**REQUIRED ACTION**
Please, without any pictures, set down exactly the part of the listing below that opens with the line containing "Камаз 4308 мусоровоз." and closes with the line containing "Abercrombie & Fitch".

**THE DATA**
======

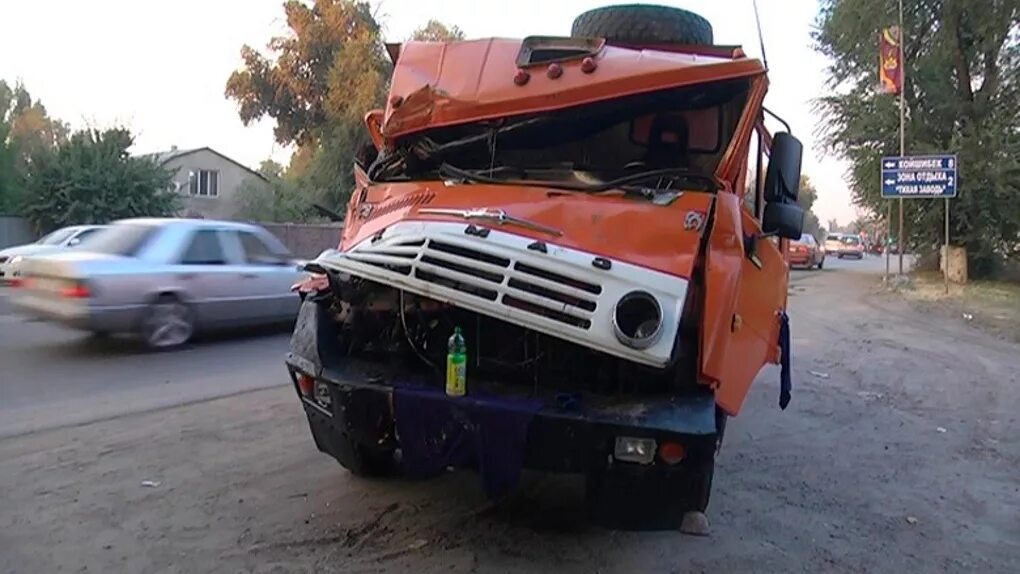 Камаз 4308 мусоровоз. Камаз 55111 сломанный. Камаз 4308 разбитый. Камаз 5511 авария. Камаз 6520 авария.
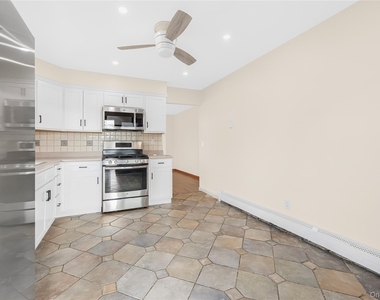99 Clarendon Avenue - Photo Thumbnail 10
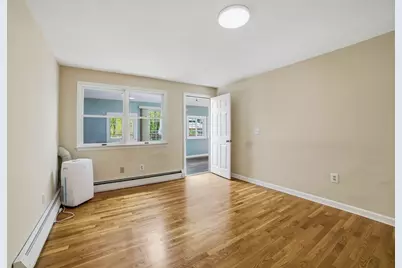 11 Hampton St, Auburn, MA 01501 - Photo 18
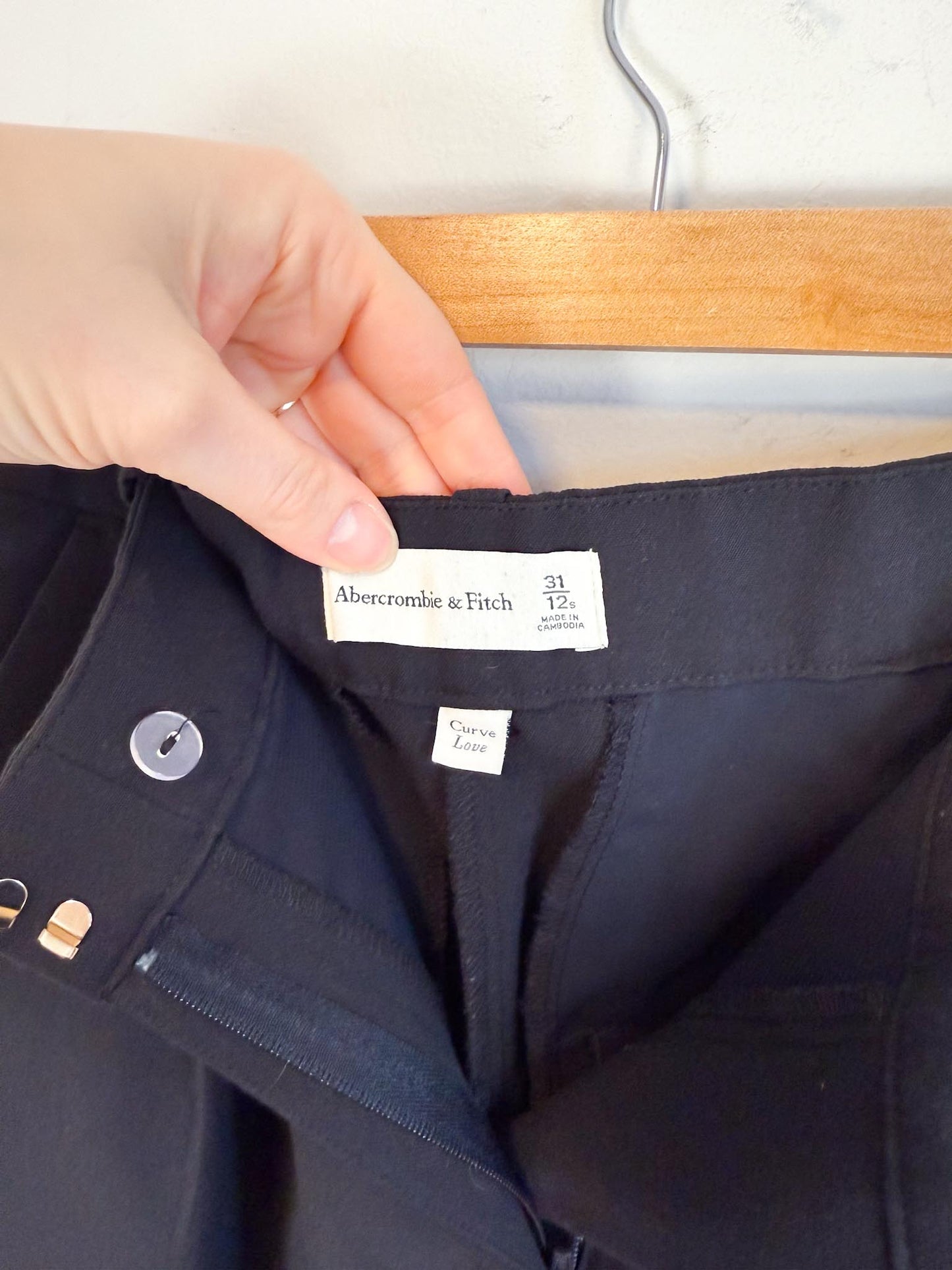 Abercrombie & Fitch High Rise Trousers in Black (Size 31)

======

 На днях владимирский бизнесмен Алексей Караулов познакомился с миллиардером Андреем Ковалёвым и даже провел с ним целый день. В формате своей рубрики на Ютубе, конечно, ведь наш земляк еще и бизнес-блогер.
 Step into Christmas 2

======

**REPLY TO THE TASK**
 Камаз 4308 мусоровоз. Камаз 55111 сломанный. Камаз 4308 разбитый. Камаз 5511 авария. Камаз 6520 авария.
99 Clarendon Avenue - Photo Thumbnail 10
 11 Hampton St, Auburn, MA 01501 - Photo 18
 Abercrombie & Fitch High Rise Trousers in Black (Size 31)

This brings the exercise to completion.